Question 12.4: The parabolic semisegment OAB shown in Fig. 12-15 has base b......
The parabolic semisegment OAB shown in Fig. 12-15 has base b and height h. Using the parallel-axis theorem, determine the moments of inertia I_{x_c} and I_{y_c} with respect to the centroidal axes x_c and y_c.
We can use the parallel-axis theorem (rather than integration) to find the centroidal moments of inertia because we already know the area A. the centroidal coordinates \bar{x} and \bar{y}. and the moments of inertia I_x and I_y with respect to the x and y axes. These quantities were obtained earlier in Examples 12-1 and 12-3. They also are listed in Case 17 of Appendix D and are repeated here:
A=\frac{2bh}{3}\quad \bar{x}=\frac{3b}{8}\quad \bar{y}=\frac{2h}{5}\quad I_x=\frac{16bh^3}{105}\quad I_y=\frac{2hb^3}{15}
To obtain the moment of inertia with respect to the x_c axis, we write the parallel-axis theorem as follows:
I_x=I_{x_c}+A\bar{y}^2
Therefore, the moment of inertia I_{x_c} is
I_{x_c}=I_x\ -\ A\bar{y}^2=\frac{16bh^3}{105}\ -\ \frac{2bh}{3}\left(\frac{2h}{5}\right)^2=\frac{8bh^3}{175} (12-13a)

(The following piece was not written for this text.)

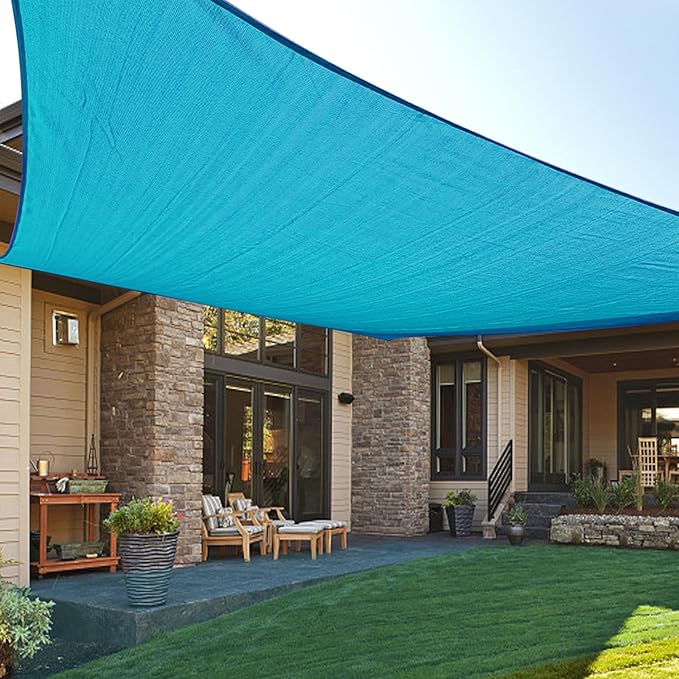LOVE STORY Custom Size 16'x24' Turquoise Blue Sun Shade Sail Rectangle UV Block by LOVESTORY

In a similar manner, we obtain the moment of inertia with respect to the y_c axis:
I_{x_c}=I_y\ -\ A\bar{x}^2=\frac{2hb^3}{15}\ -\ \frac{2bh}{3}\left(\frac{3b}{8}\right)^2=\frac{19bhb^3}{480} (12-13b)
Thus, we have found the centroidal moments of inertia of the semisegment.